Data records:
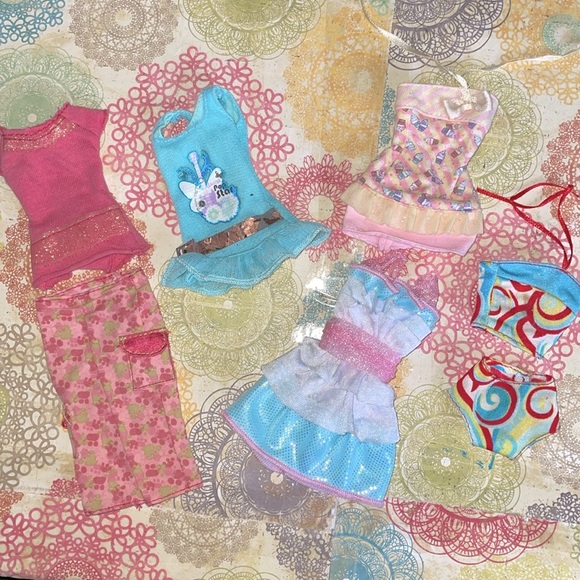 Barbie Vintage Bundle of 5 Dolls with Extra Clothes and Accessories - Picture 7 of 9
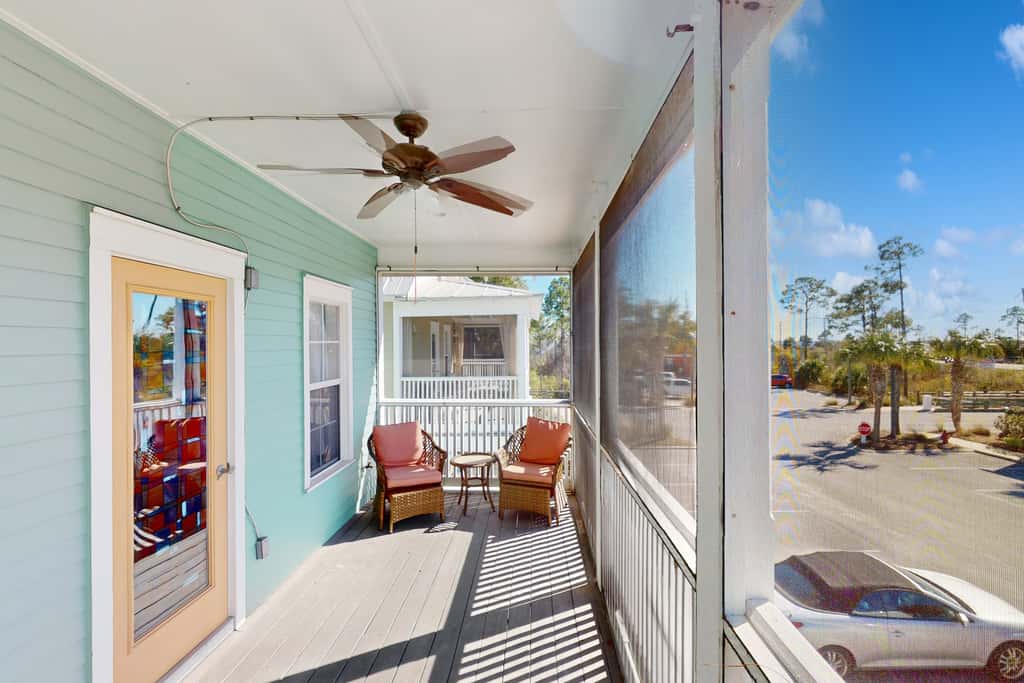 2-story beach cottage with pools, hot tub, gym, patio, & AC - dog-friendly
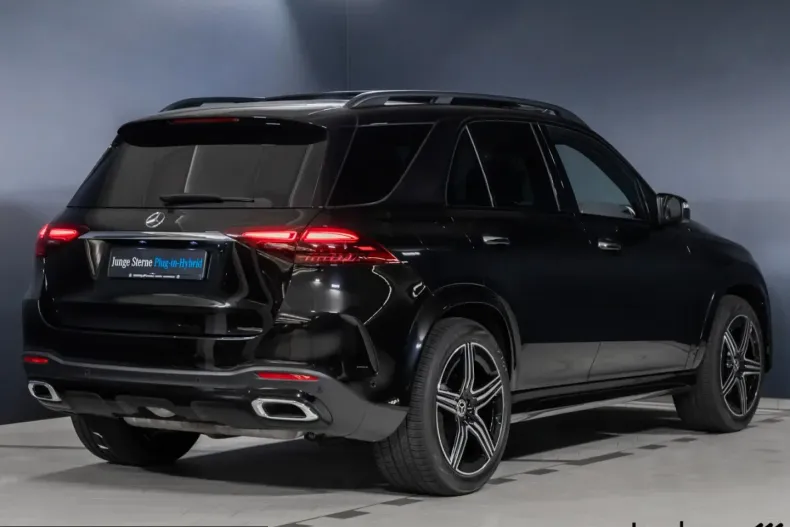 Mercedes-Benz GLE 400 (Clasa GLE) din 2024 cu 26.360 km - oferta MER236270 - foto 2
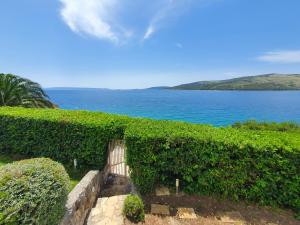 Beach Apartment More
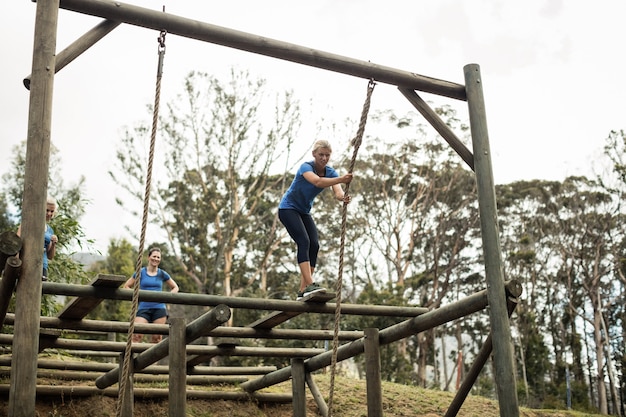 Fit vrouw met het touw tijdens hindernissenparcours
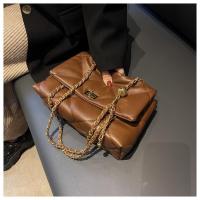 Bolso de cadena de moda con diseño de nicho para mujer 2025 Nuevo bolso cruzado de moda de primavera/verano Bolso cuadrado pequeño de un solo hombro con textura de alta calidad - details 24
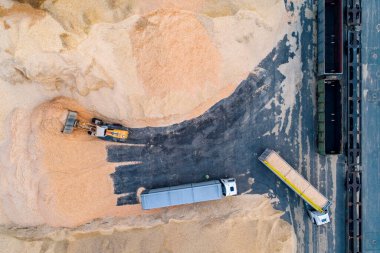 İhracat ve ithalat için gemi, metal konteynır ve tren rayları olan liman bölgesi.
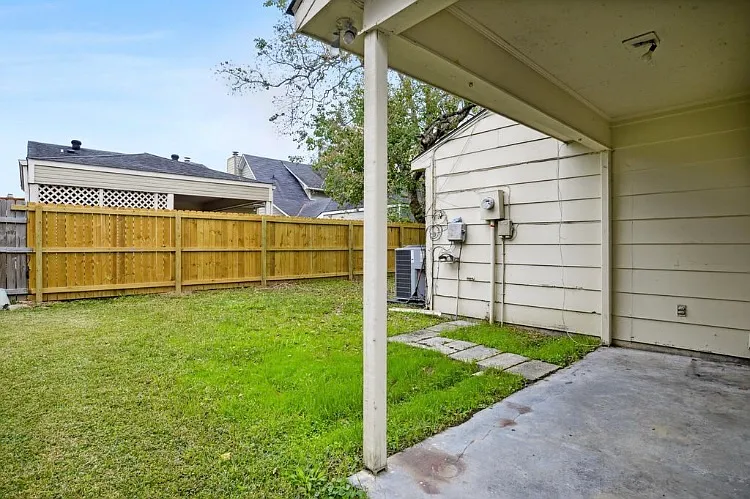 1763 Briar Oak Dr — Photo 18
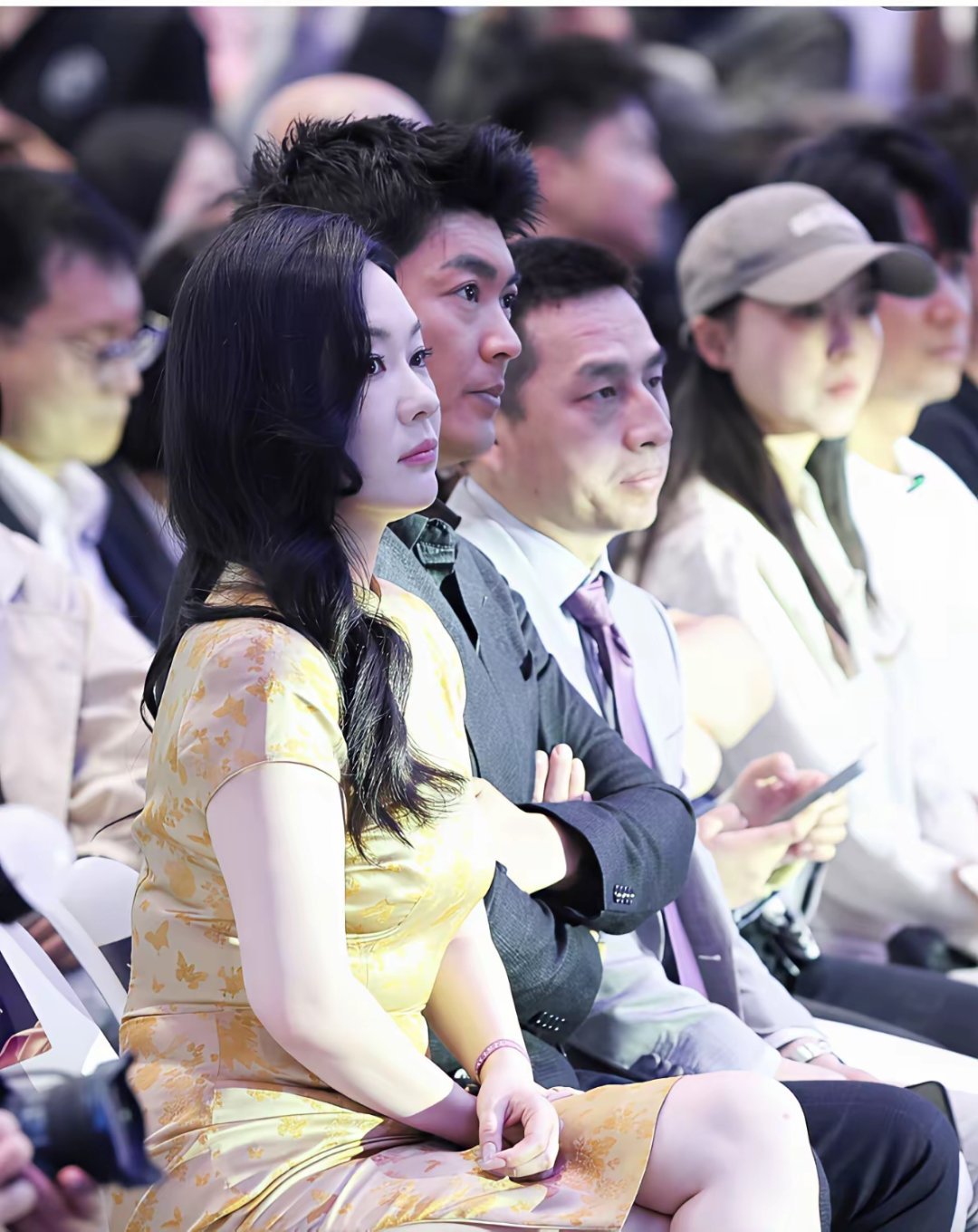 我的天杜江这紫色的嘴唇，有必要检查一下心脏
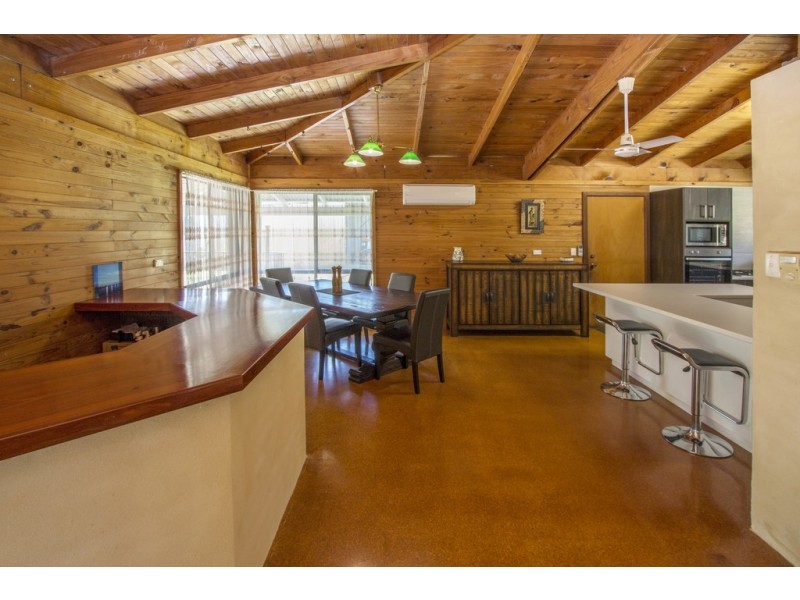 16 Tompsett Road, Tutunup WA 6280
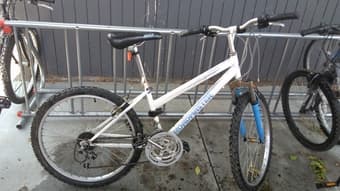 Used Bicycle (24*1.95), transmission doesn't work 2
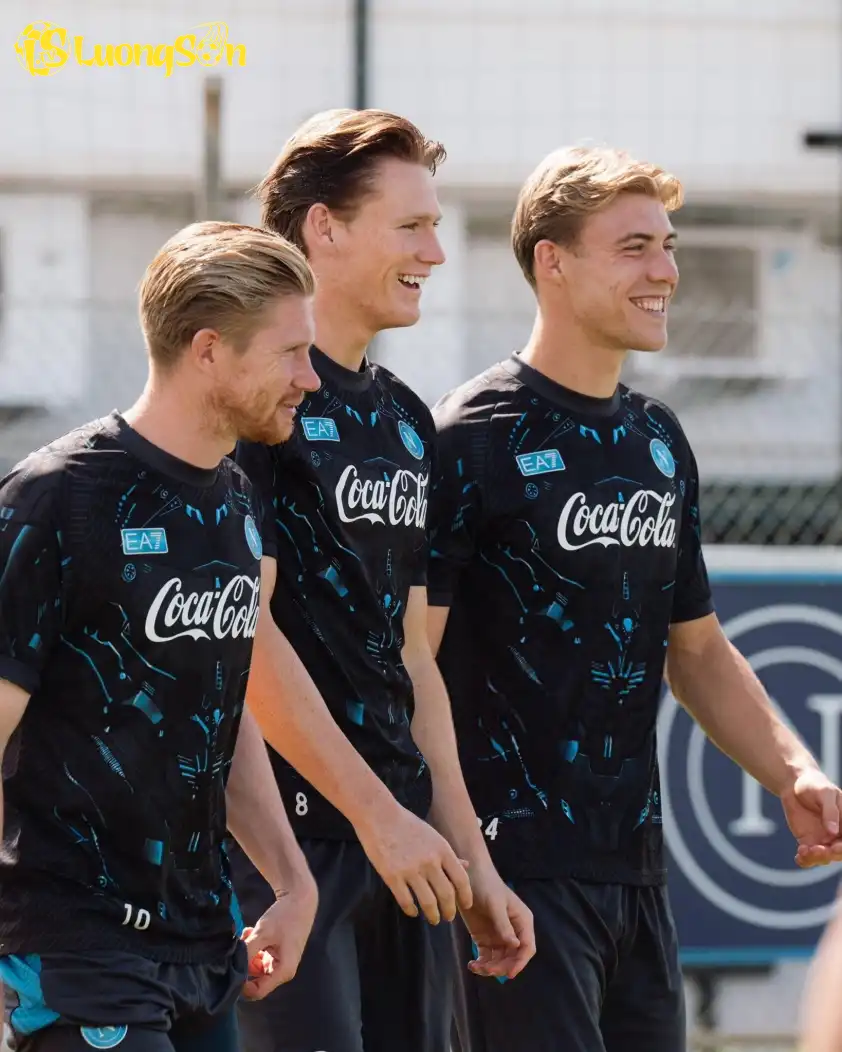 Hàng công rất được chờ đợi của Napoli tại mùa giải năm nay. (Ảnh: Sky Sports)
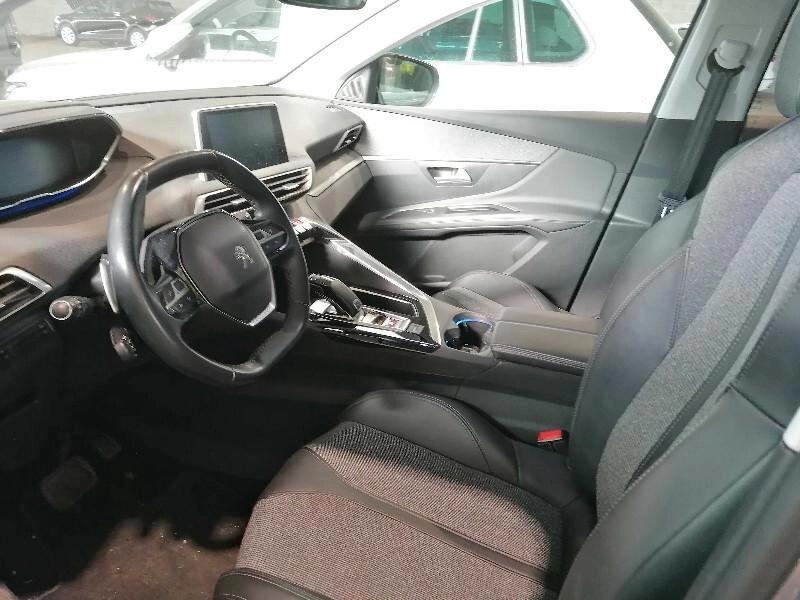 Peugeot 3008 BlueHDi 130 S&S EAT8 Allure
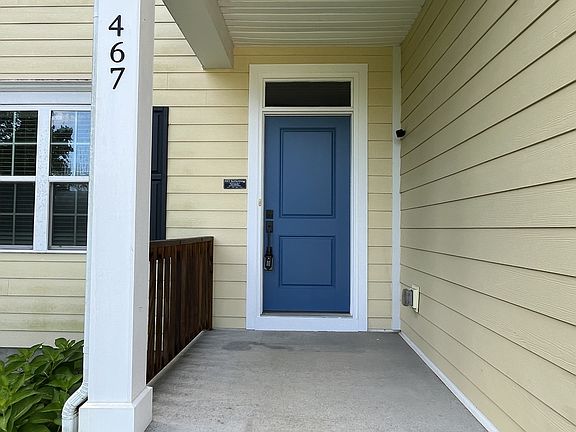 2nd image of 467 Chinook Dr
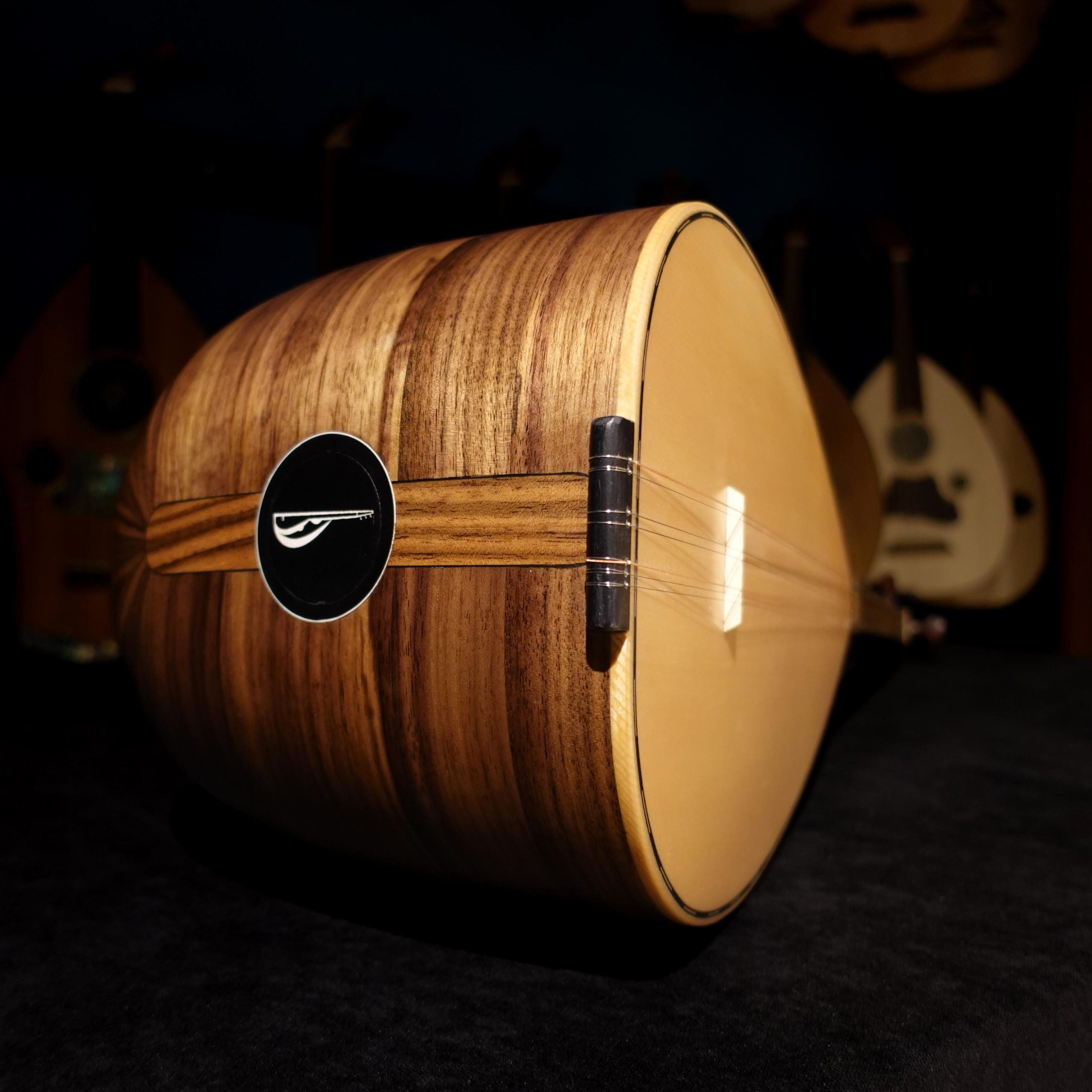 41 cm Ceviz Tekneli Kısa Saplı Bağlama - 0151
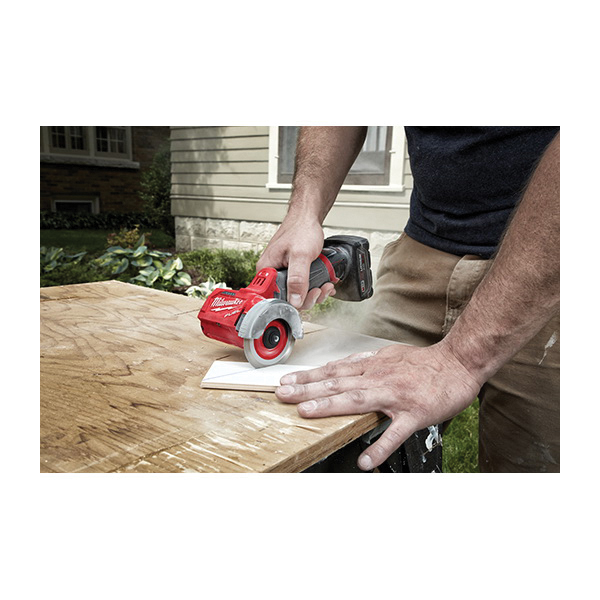 Milwaukee® 2522-21XC
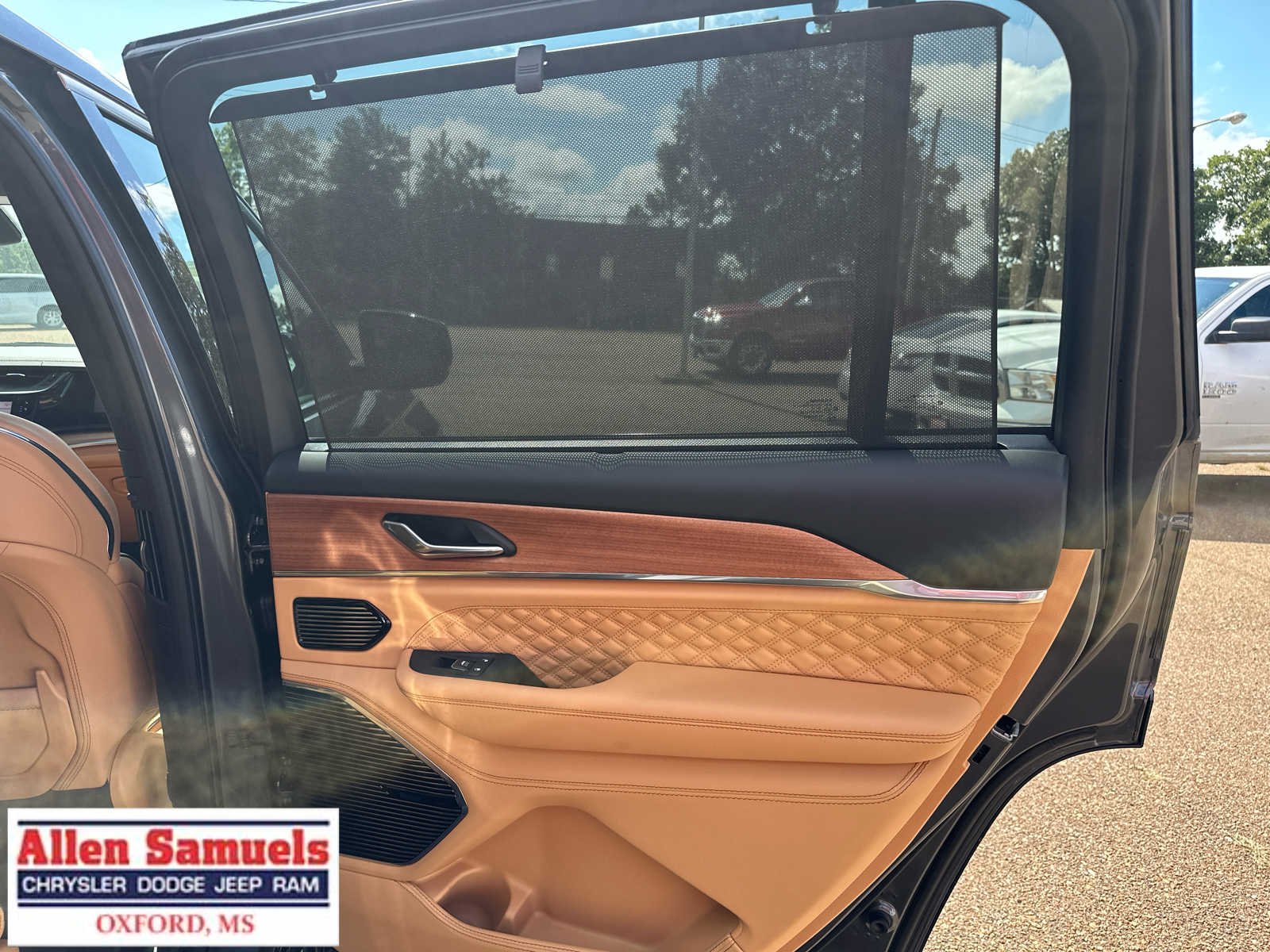 New 2026 Baltic Gray Metallic Clear-Coat Exterior Paint Jeep Summit image 64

Task details: Write out exactly the lines beginning with the line that holds "Hàng công rất" and ending with the final line of the data, both ends included, without the pictures.

Exercise answer:
 Hàng công rất được chờ đợi của Napoli tại mùa giải năm nay. (Ảnh: Sky Sports)
 Peugeot 3008 BlueHDi 130 S&S EAT8 Allure
 2nd image of 467 Chinook Dr
 41 cm Ceviz Tekneli Kısa Saplı Bağlama - 0151
 Milwaukee® 2522-21XC
 New 2026 Baltic Gray Metallic Clear-Coat Exterior Paint Jeep Summit image 64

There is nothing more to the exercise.